その1 まずは「お湯、花、武家屋敷、そして『穴』」。



いつものように偶然の成り行きでのバラ園訪問(苦笑)。

(2025/5/31-6/2 その1)

さてタイトル通りの中房温泉連泊旅行記です。中房温泉には山屋時代だと表銀座コースのスタート地点たる燕岳の登山口として何度もやってきましたが、さすがに「夜行急行でやってきてバスで登山口まで、いよいよ登り始めるその前にまずはひとっ風呂」という発想はありませんでした(当然)。

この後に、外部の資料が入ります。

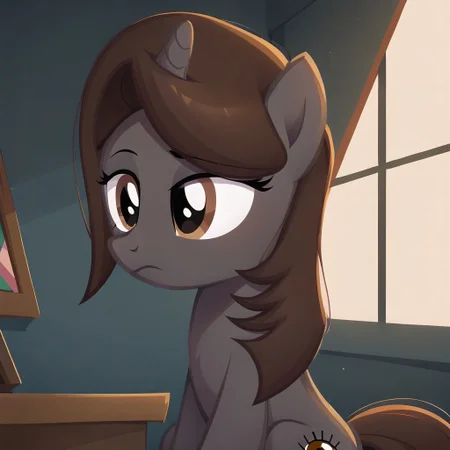 masterpiece, perfect detail, best high quality, source_pony, show accurate, cute, 1girl, solo, female, oc:sonata, pony, cool light, bluetone, detention center, prison, behind bars, sitting, frown, dejected frown, sad, lidded eyes, beautiful, looking down, score_9, score_8_up, score_7_up, score_6_up, score_5_up, score_4_up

その後温泉ダー(造語)になった2005年には登山者用駐車場のさらに下流部にあった野湯に浸かりに来ましたが(この時です。この湯は現在日帰り温泉「湯原の湯」の「古事記の湯」の源泉として利用されているのかな?)、この時も本家中房温泉には足を向けずでした(昔も今も日帰り利用はできませんでしたし)。

そして初めて中房温泉に泊まりでやってきたのは2009年で、この時はロッジに宿泊し、印象はかなりよかったのですが、



このお出かけはTakemaオフキャンプFinalこの時です)の翌週で、職場が土曜休みOKとなり(普段は出勤)金土日の3連休が取れたため、それなら「あの中房温泉に連泊で籠もり、湯っくり温泉三昧というのはどうだ?」という算段に至ったというわけです。おしんこどんも賛成で、ハイ即電話予約となりました。

というわけでいざ出発です。先週に引き続きこの週末もお天気はイマイチのようで残念ではありますが、まぁ今回は宿に籠もっちゃえばいいので気が楽です。関越道から上信越道へと進み、さてちょっと寄り道の朝湯といたしましょう。









戸倉上山田温泉。2010には戸倉国民温泉に立ち寄り入浴し(この時)、2020には亀清旅館に宿泊し戸倉観世温泉にも立ち寄りました(この時です)。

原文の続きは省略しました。